Return only the lines below starting at the line containing "Now I'm going" and ending at the line containing "If you decide", both included, exactly as they are and with no pictures.
*** Task inputs ***
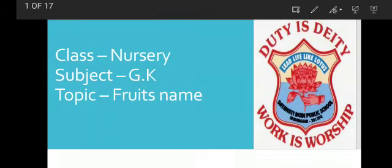Hello everyone. Good morning all of you. How are you kids? I hope you are all fine.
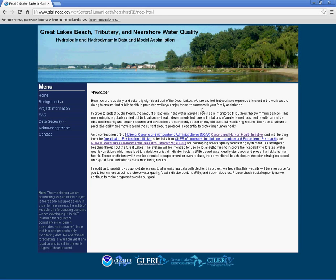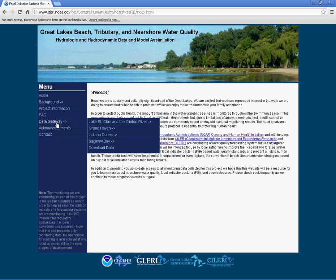Welcome to the Lake Sinclair and Clinton River data tutorial. To access data about Lake Sinclair and the Clinton River, click on the data gateway link located under the menu tab on the home page. Then click on the Lake Sinclair and the Clinton River link.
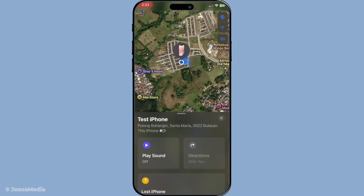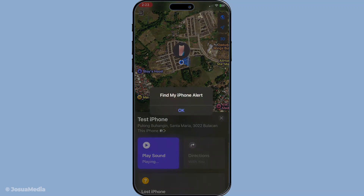This is where the Play Sound feature comes in. On this screen, you'll see various options to help you find your iPhone. Focus your attention on the Play Sound option and give it a tap. This fantastic little feature will trigger a sound on your iPhone, making it easier to track it down wherever it might be hiding. The beauty of this sound is that it will play even if your device is in silent or vibrate mode, ensuring that nothing stands between you and the discovery of your iPhone.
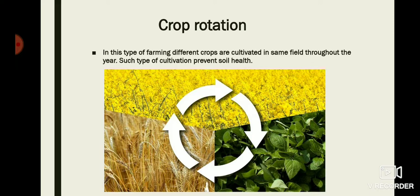The next process that can prevent soil erosion and conserve soil health is crop rotation. In this type of farming, different crops are cultivated in the same field in different seasons throughout the year. In this picture, you can see maize, then mustard seeds, then potato or basil — such types of crops are cultivated throughout the year in different seasons.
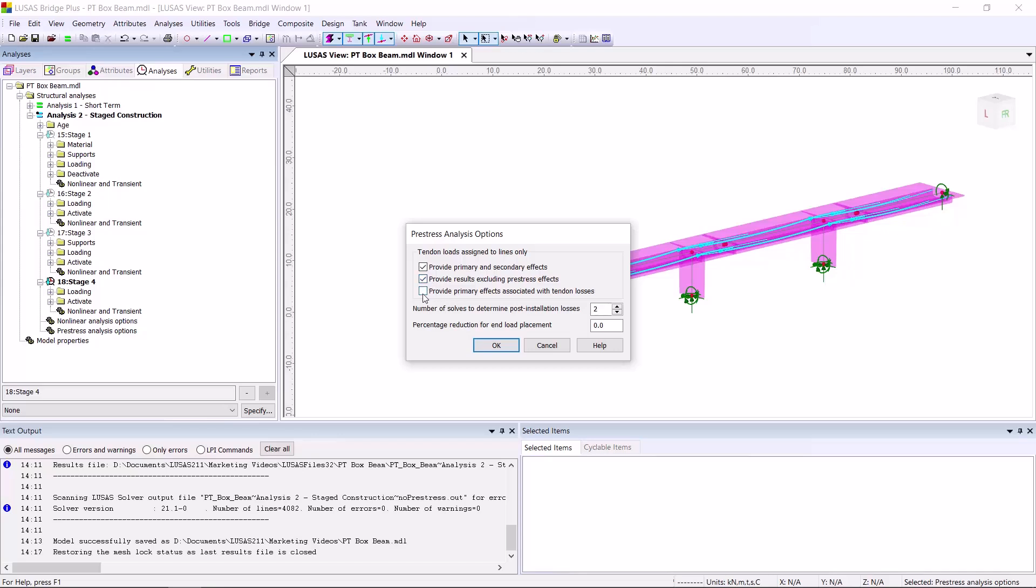Results for each individual pre-stress loss calculation provides a lot of extra results, so for clarity in this demonstration, I'm not going to examine them.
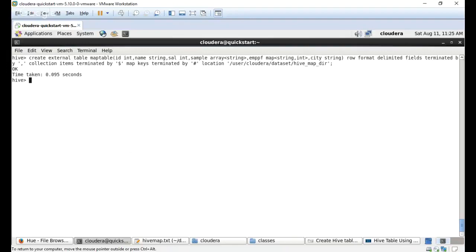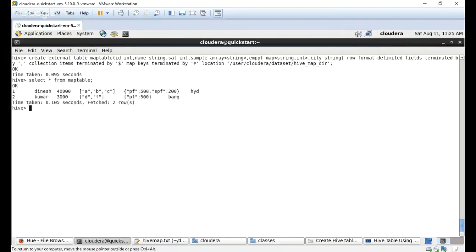Now I'm going to retrieve the data with 'SELECT * FROM map_table'. You can see the values from the file as well as the key-value concept. The map integrates both: PF as a key with value 500, and EPF as a key with value 200 — both are stored.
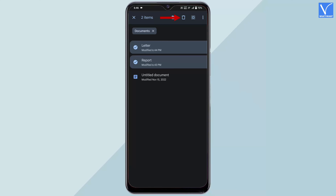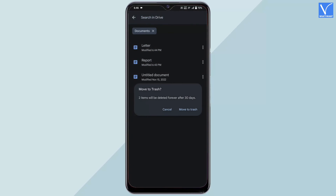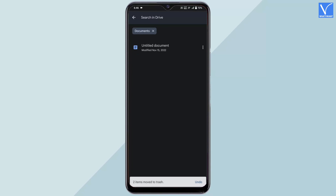Later, tap on the bin icon. Then it asks for deletion confirmation. Tap on 'move to trash' to delete the files. That's it, multiple documents are deleted in Google Docs using the mobile application.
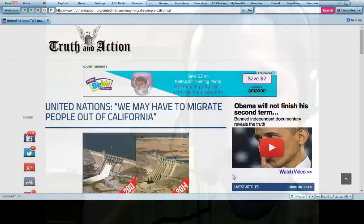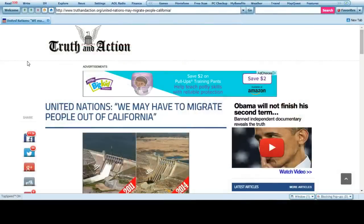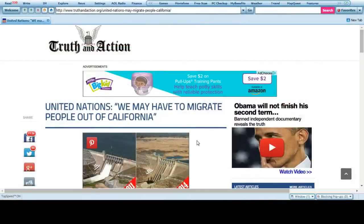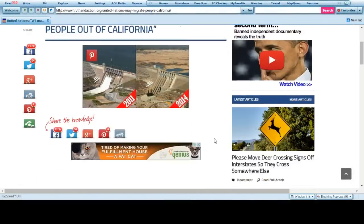Hi everybody. United Nations says we may have to migrate people out of California.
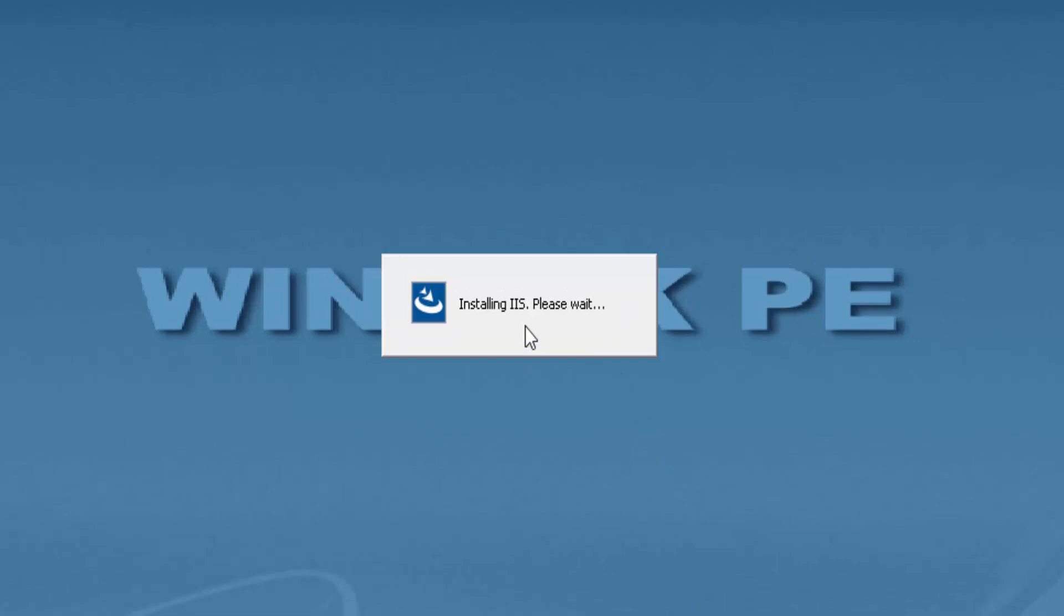At this point, we'll leave the installation go through and once it's done, we'll go ahead and set up your client machine for Winpack.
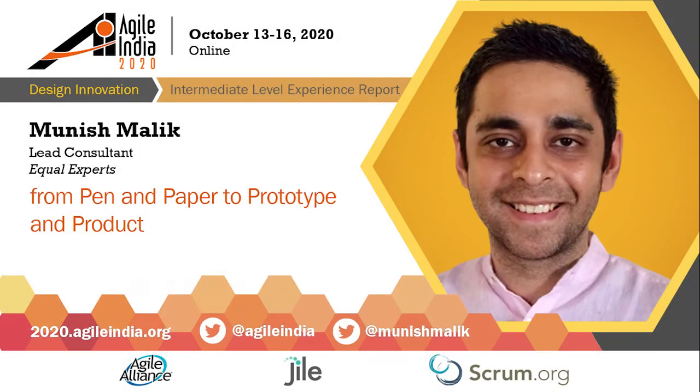Hey everyone, welcome to From Pen and Paper to Prototype and Product by Munish Malik. We're glad you can join us today. Just a reminder, on your right you'll see a discuss button where you can post questions in the Q&A section. Without further ado, over to you Munish.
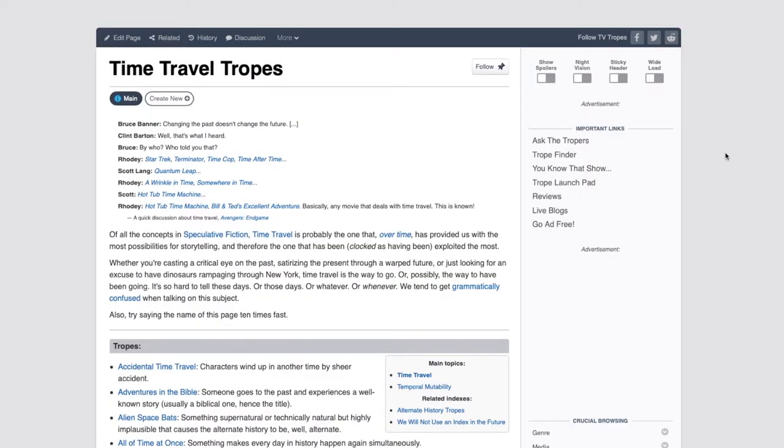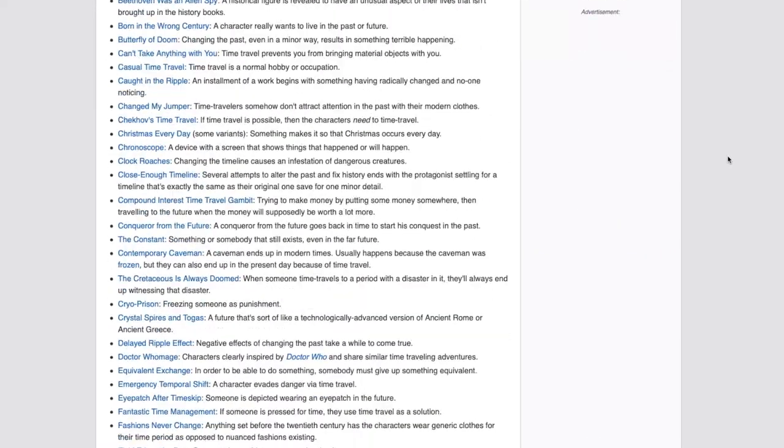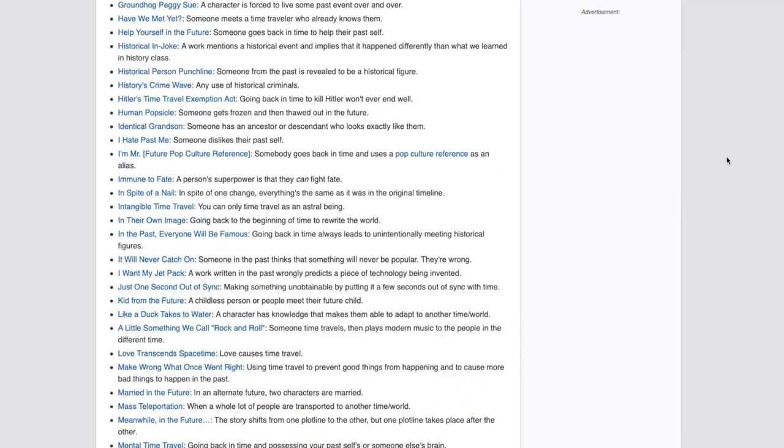If you decide to ignore my warnings and write a time travel story anyway, that's great. I'm fully supportive of people who want to tell these kinds of stories, as long as it serves their message. Remember that I'm a person just like you, and my opinions are no more important than your own. So if you want to tell a particular story, don't let me stop you. If I had to give you any advice, it would be to remember that the theme and purpose of your story is always more important than any kind of tropes. There are hundreds of time travel tropes, but none of them are more important than the message of your story.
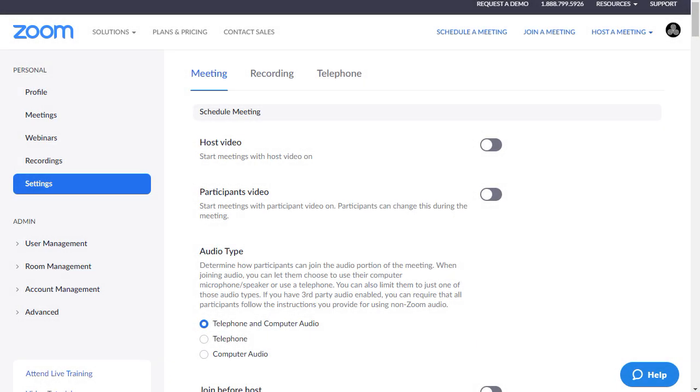Those two things together make it more complicated for uninvited people to get into your meeting. They don't add much extra complication for people you want to invite — they'll have both a meeting ID and a password to use, or they can still use the link in the URL in the invitation you sent them. Now let's look at the default settings that will be applied toward every Zoom meeting that you schedule.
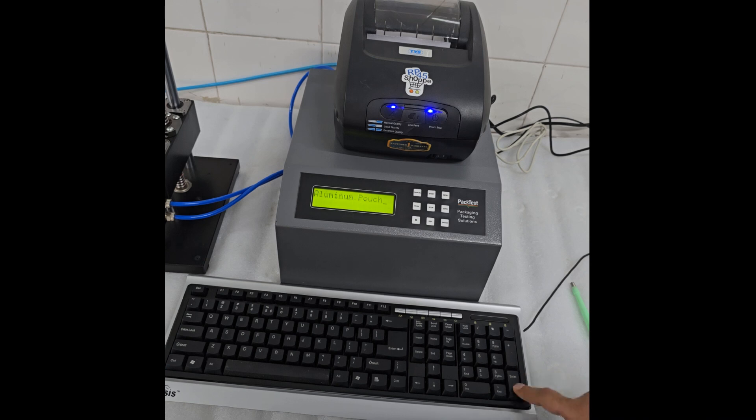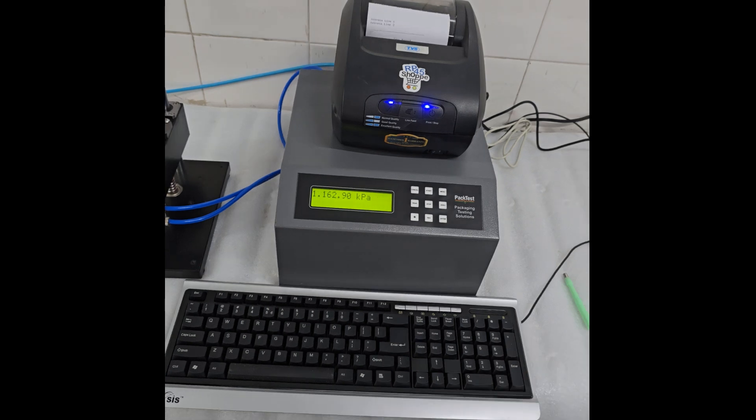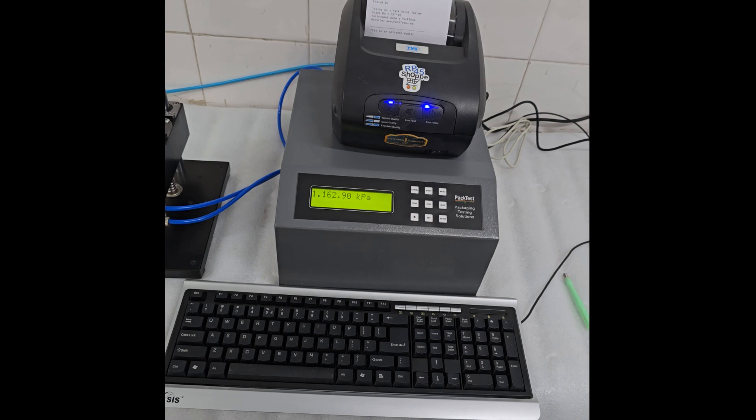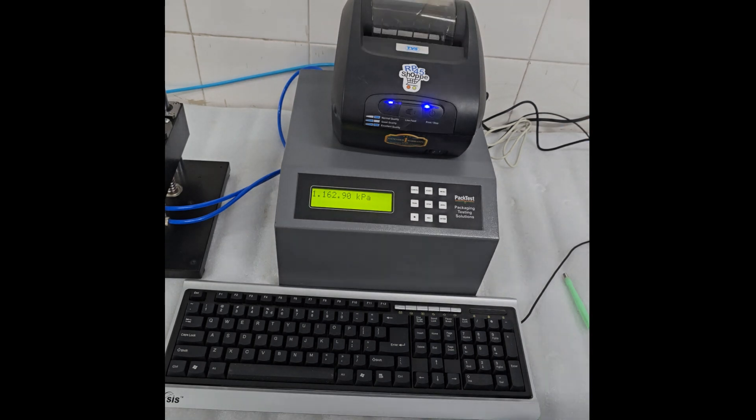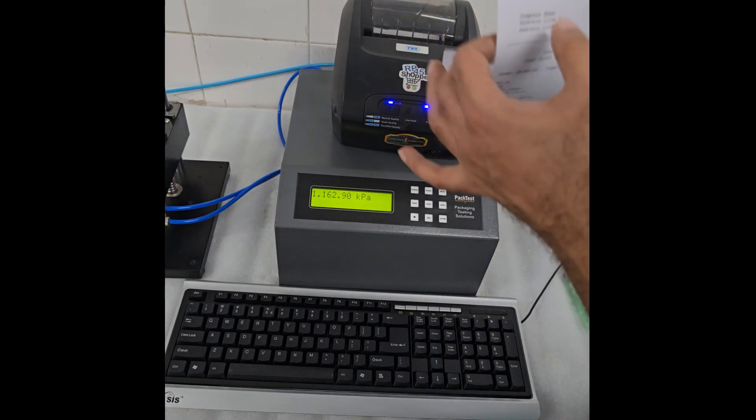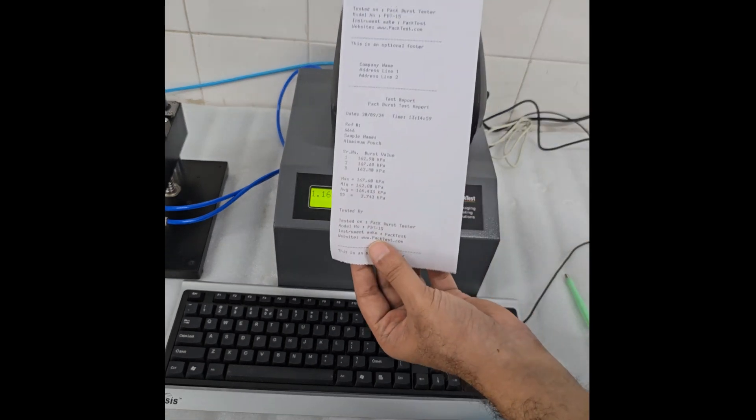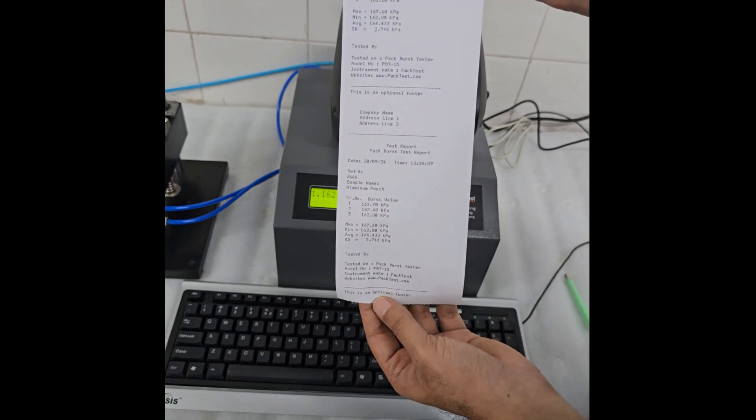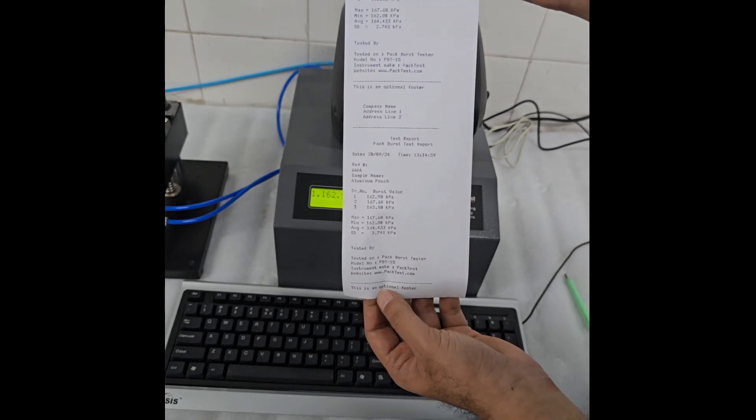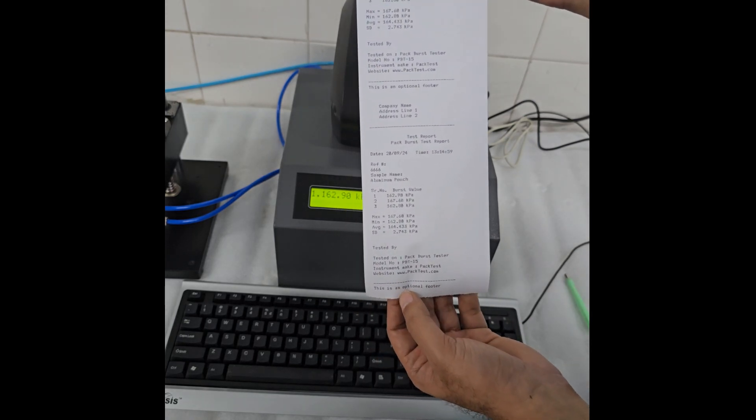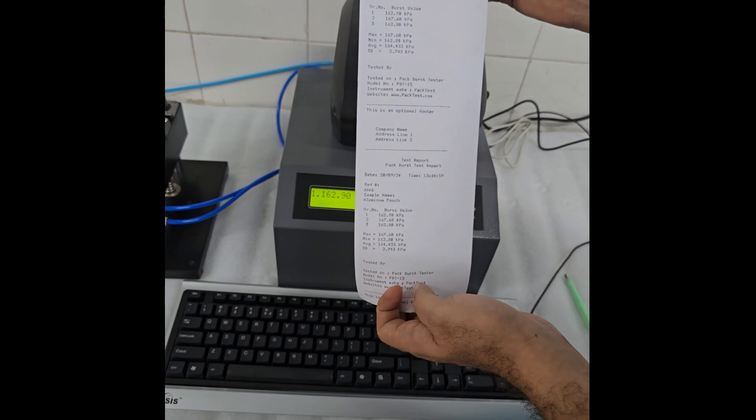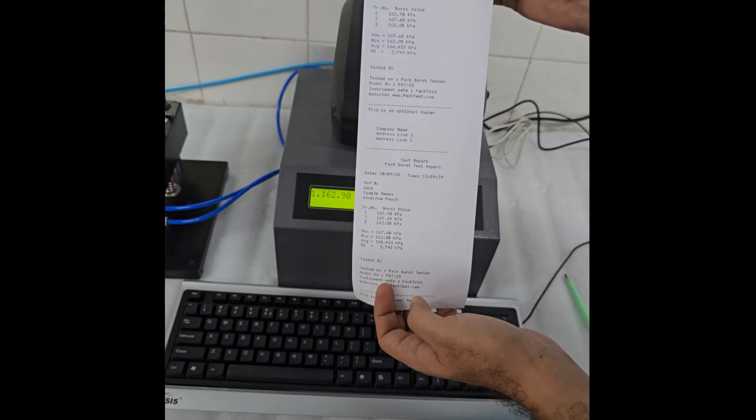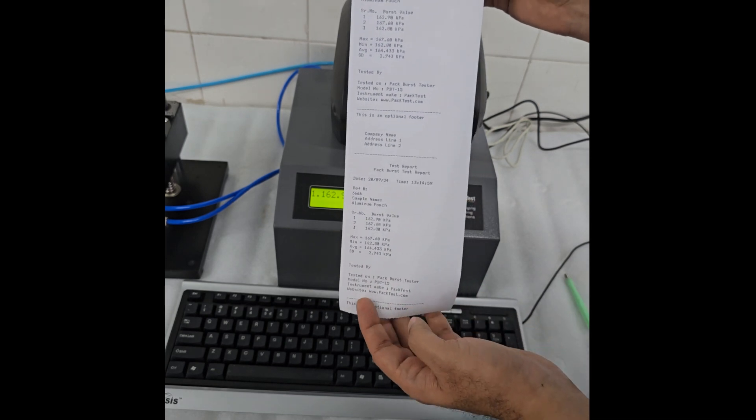The test report will now be printed. The report contains your company name, address, test date and time, individual test results, maximum, minimum, average, and standard deviation. It also contains a place for you to sign. It can also show an optional footer line.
*** End of Task inputs ***
### Exercise solution
Now I'm going to retrieve the data with 'SELECT * FROM map_table'. You can see the values from the file as well as the key-value concept. The map integrates both: PF as a key with value 500, and EPF as a key with value 200 — both are stored.
Later, tap on the bin icon. Then it asks for deletion confirmation. Tap on 'move to trash' to delete the files. That's it, multiple documents are deleted in Google Docs using the mobile application.
Hi everybody. United Nations says we may have to migrate people out of California.
At this point, we'll leave the installation go through and once it's done, we'll go ahead and set up your client machine for Winpack.
Hey everyone, welcome to From Pen and Paper to Prototype and Product by Munish Malik. We're glad you can join us today. Just a reminder, on your right you'll see a discuss button where you can post questions in the Q&A section. Without further ado, over to you Munish.
If you decide to ignore my warnings and write a time travel story anyway, that's great. I'm fully supportive of people who want to tell these kinds of stories, as long as it serves their message. Remember that I'm a person just like you, and my opinions are no more important than your own. So if you want to tell a particular story, don't let me stop you. If I had to give you any advice, it would be to remember that the theme and purpose of your story is always more important than any kind of tropes. There are hundreds of time travel tropes, but none of them are more important than the message of your story.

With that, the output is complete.